Secondly, Christ performs for the blind man “the works of God” (v. 3), giving him sight. He approaches the blind man, applies mud to his eyes and sends him to the pool of Silo’am. Jesus’ heart cannot remain indifferent in the face of suffering. He invites us to act immediately, to console, soothe and heal the wounds of our brothers and sisters. The Church is like a field hospital. How many wounded people, how many brothers and sisters need an outstretched hand to heal their wounds!
The paradox is this: that blind man, by meeting he who is the Light of the world, becomes able to see, whereas those who see him, despite encountering Jesus, remain blind. This paradox very often runs through our own lives and our ways of believing. Saint-Exupéry, in his book The Little Prince, wrote: “It is only with the heart that one can see rightly. It is only with the heart that one can see rightly; what is essential is invisible to the eye”. To see with the heart is to see the world and our brothers and sisters through God’s eyes. Jesus invites us to renew our way of seeing people and things. He proposes to us an ever-new vision of our relationships with others, especially in the family, of our human frailty, of illness and death. He invites us to see all this through God’s eyes! Faith is not reduced to a set of theoretical beliefs and traditions, or a set of customs. It is a bond and a journey following Jesus, who always renews our way of seeing the world and our brothers and sisters.

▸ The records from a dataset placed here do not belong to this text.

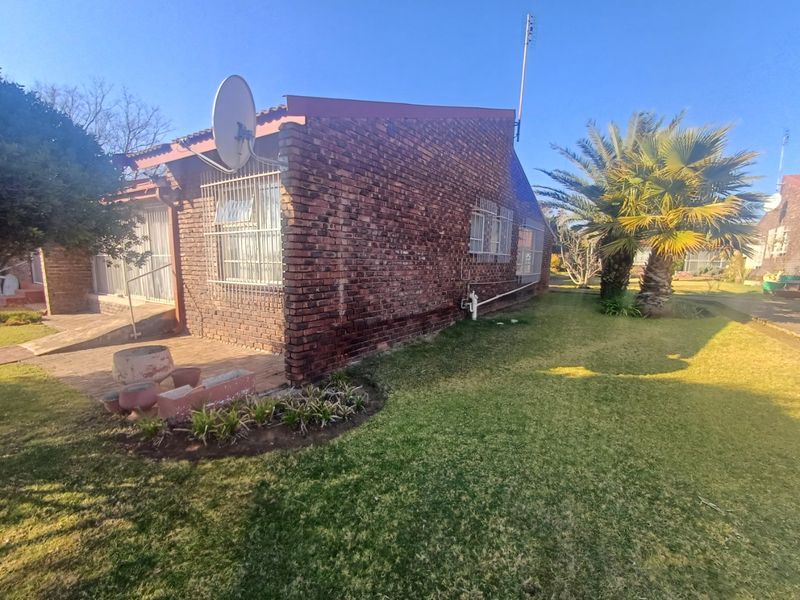 Rear view of a face brick townhouse featuring a paved patio area, security bars on windows, and a well-maintained garden with a palm tree.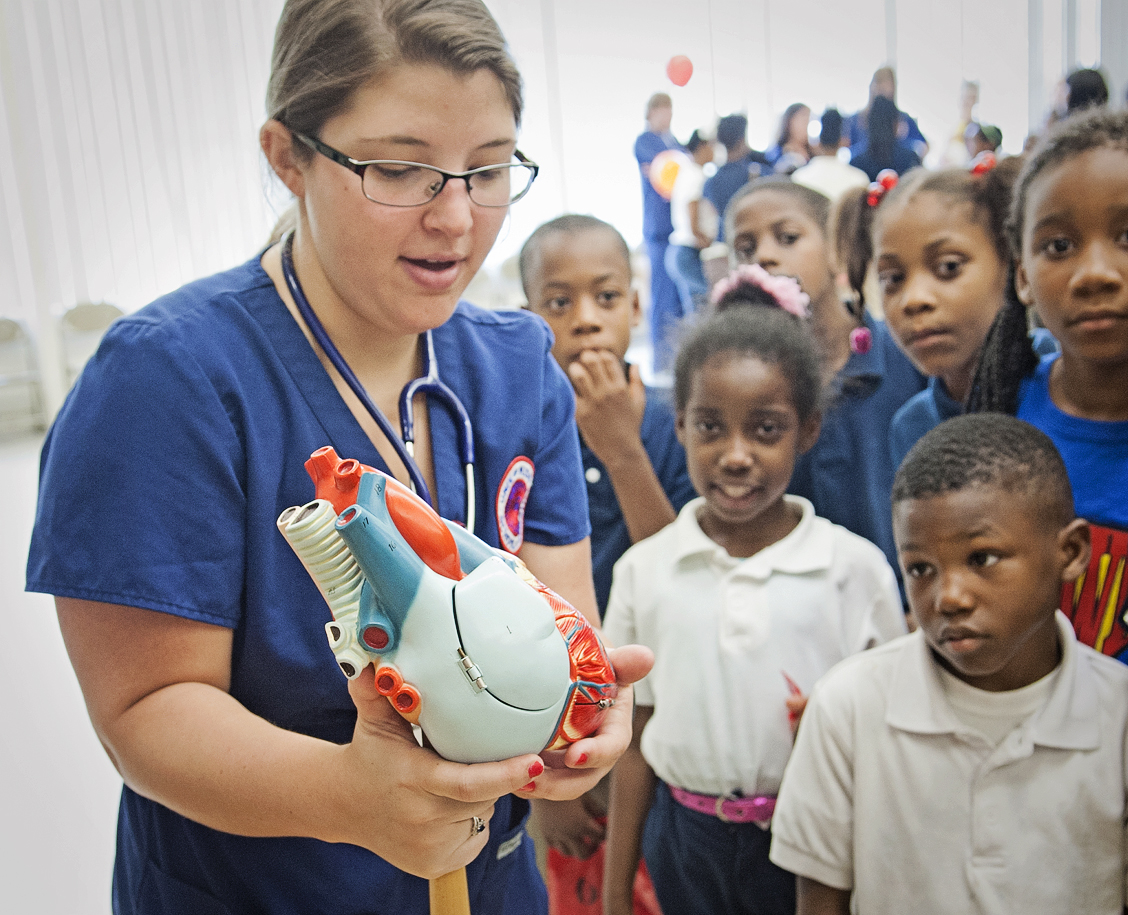 Senior nursing student Jenna Tinnerello describes the functions of the heart to the third-grade class at Brown Elementary.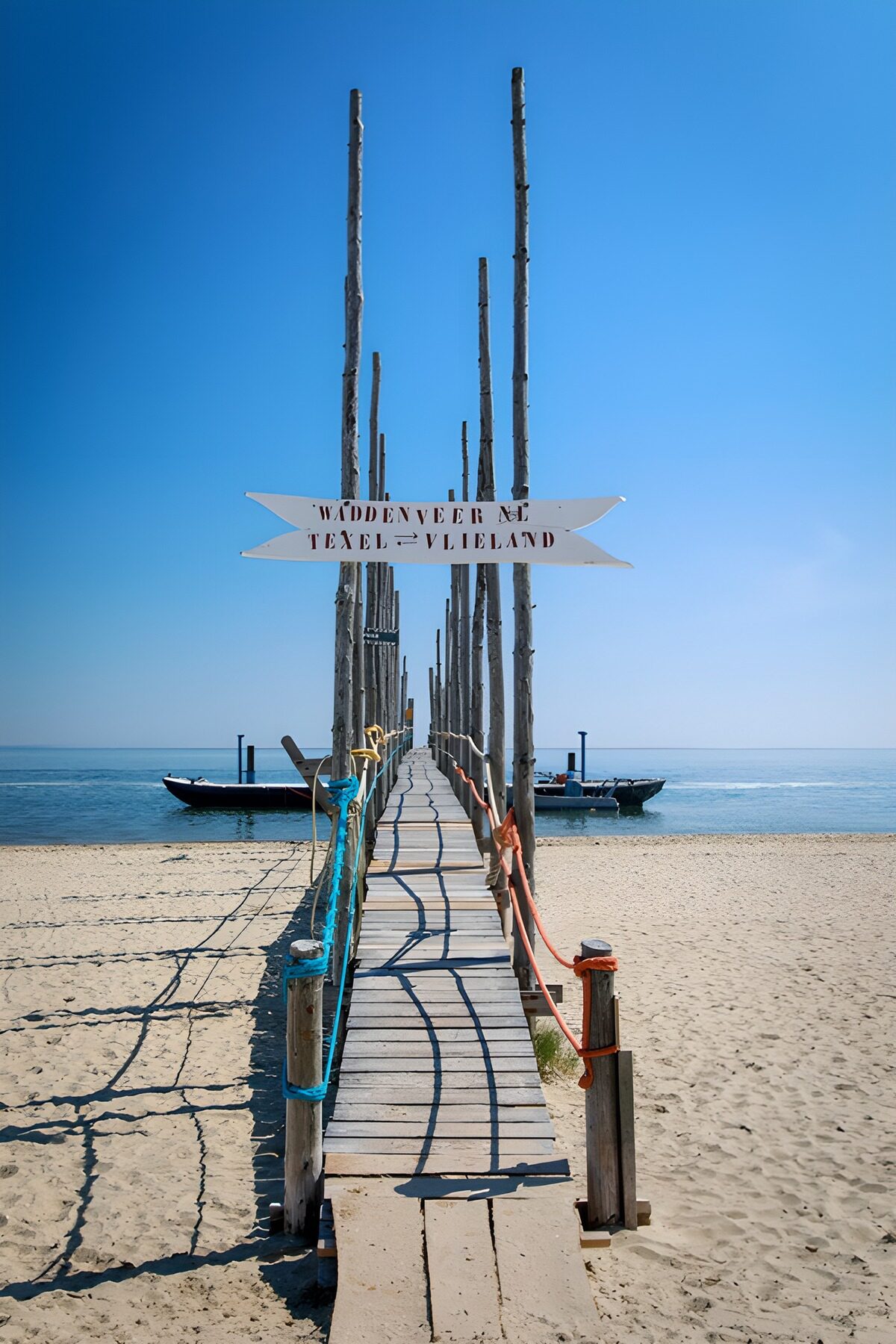 Holzsteg am Strand unter blauem Himmel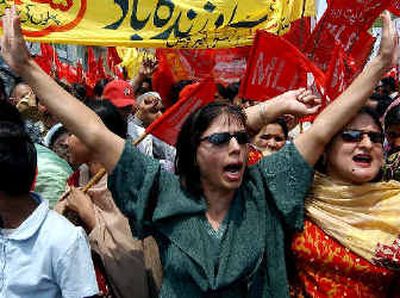 
Workers from different organizations and industries chant slogans as they march Sunday during a rally demanding improvement of conditions in their workplaces, on the occasion of Labor Day, in Lahore, Pakistan.
 (Associated Press / The Spokesman-Review)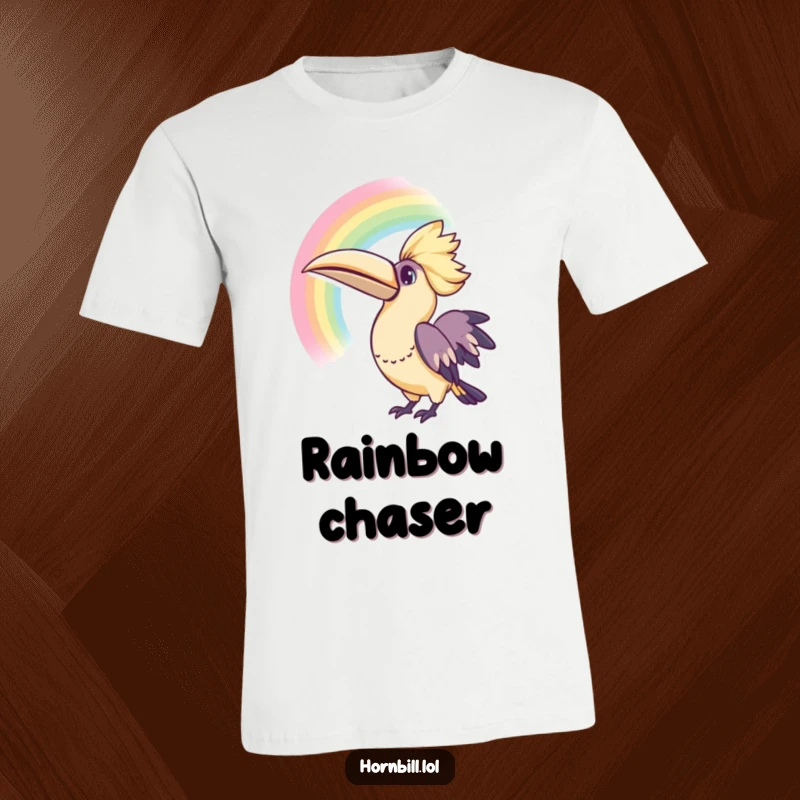 Funny Kawaii Hornbill Rainbow T-Shirt: A cute cartoon hornbill looking up at a colorful rainbow, expressing innocent curiosity.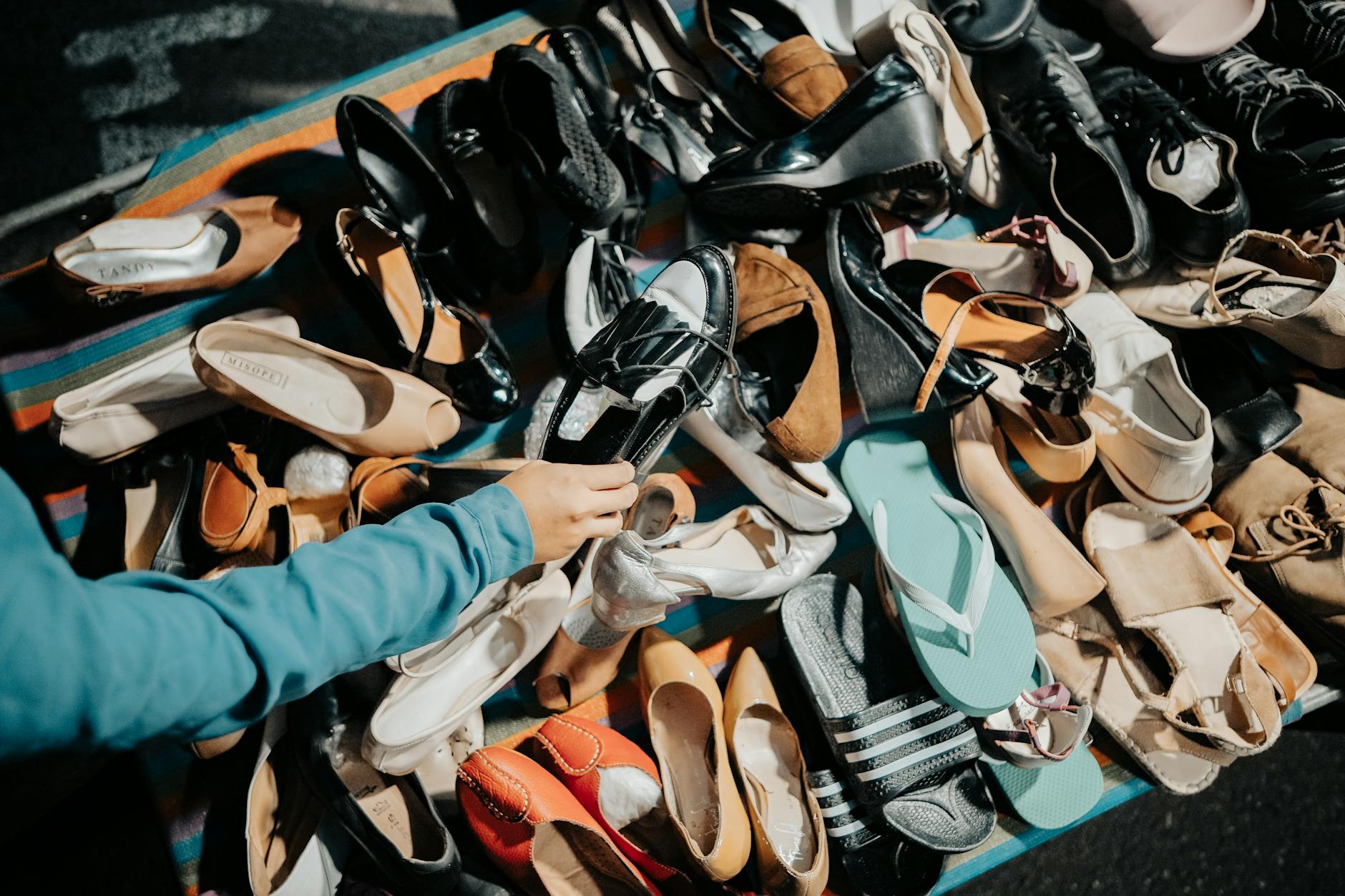 Variety of footwear on display at a market stall — affordable on-trend sandals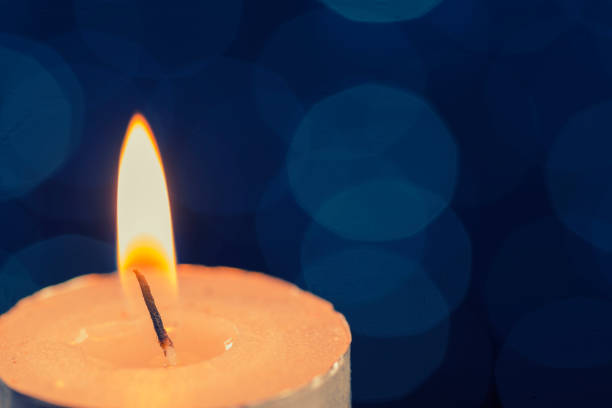 istock Lit candle with blue bokeh 856234728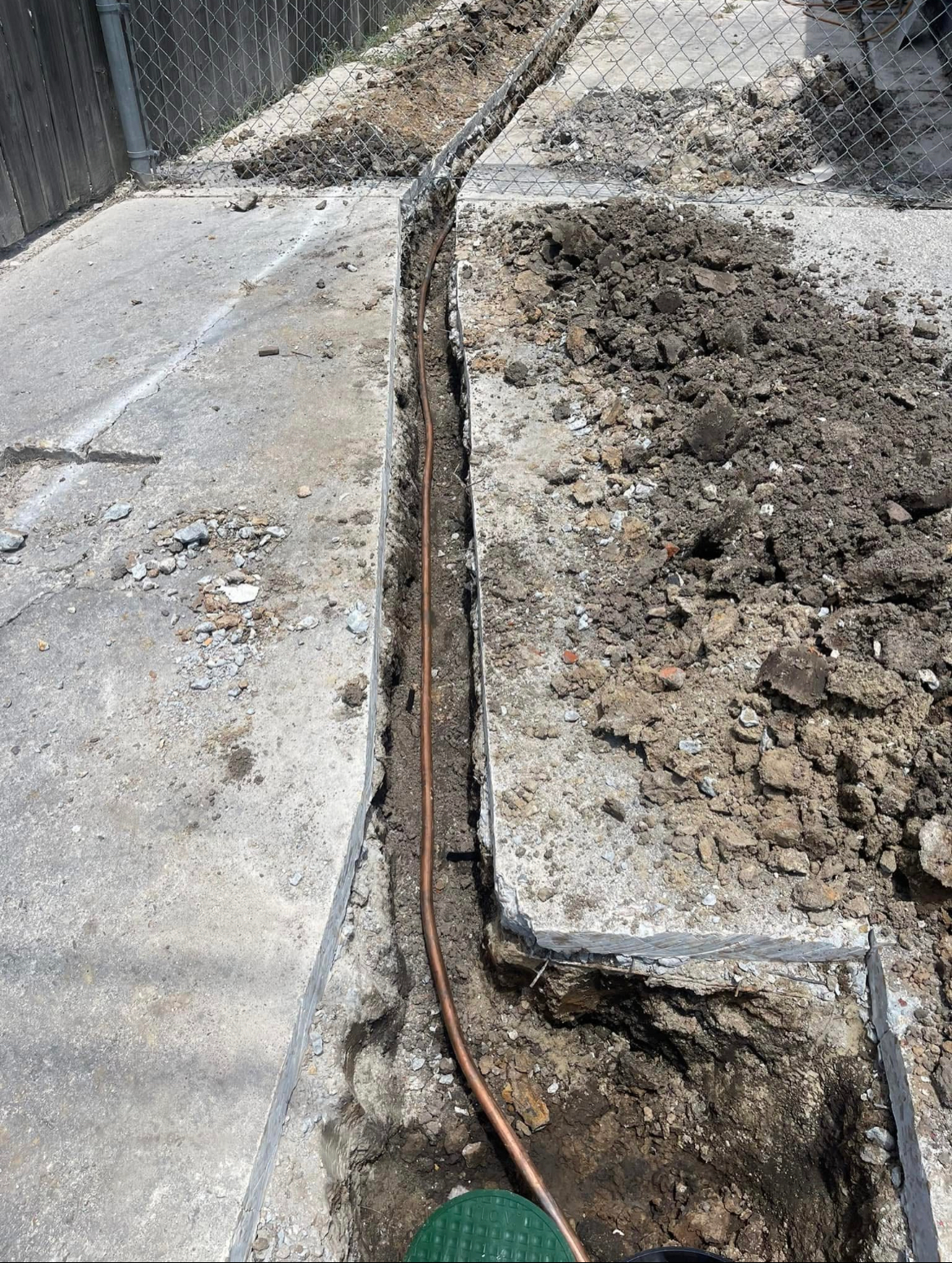 A copper wire is being installed in a hole in the ground.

Finally, we Christians cannot content ourselves with being enlightened: we must also be “witnesses of the light” (see Jn 1:8). While the chiefs of the Pharisees, wrapped up in their traditions and their inflexibility, condemn the man born blind as a “sinner”, he, with disarming simplicity, professes his faith: “One thing I know, that though I was blind, now I see” (Jn 9:25), and he becomes a witness to Jesus, a witness to the work of God, a work of mercy, of love that gives life. We too are required to bear witness to Jesus in our life, with the approach of acceptance and fraternal love.
Dear friends, thank you for coming, and I encourage you to continue on this path that you walk, in this “seeing together”, “voir ensemble” with the heart, making fruitful the charism of Fr. Yves Mollat. Let Jesus come towards you, to heal your wounds, and let Jesus teach you to see with the heart. To see with the heart. Only he truly knows the heart of man, only he can free it from closedness and inflexibility, and open it to life and hope.
I entrust you all to the intercession of the Virgin Mary; she always introduces us to the encounter with Christ. I ask her to guide your steps, and I give my blessing to you. And please, do not forget to pray for me. Thank you!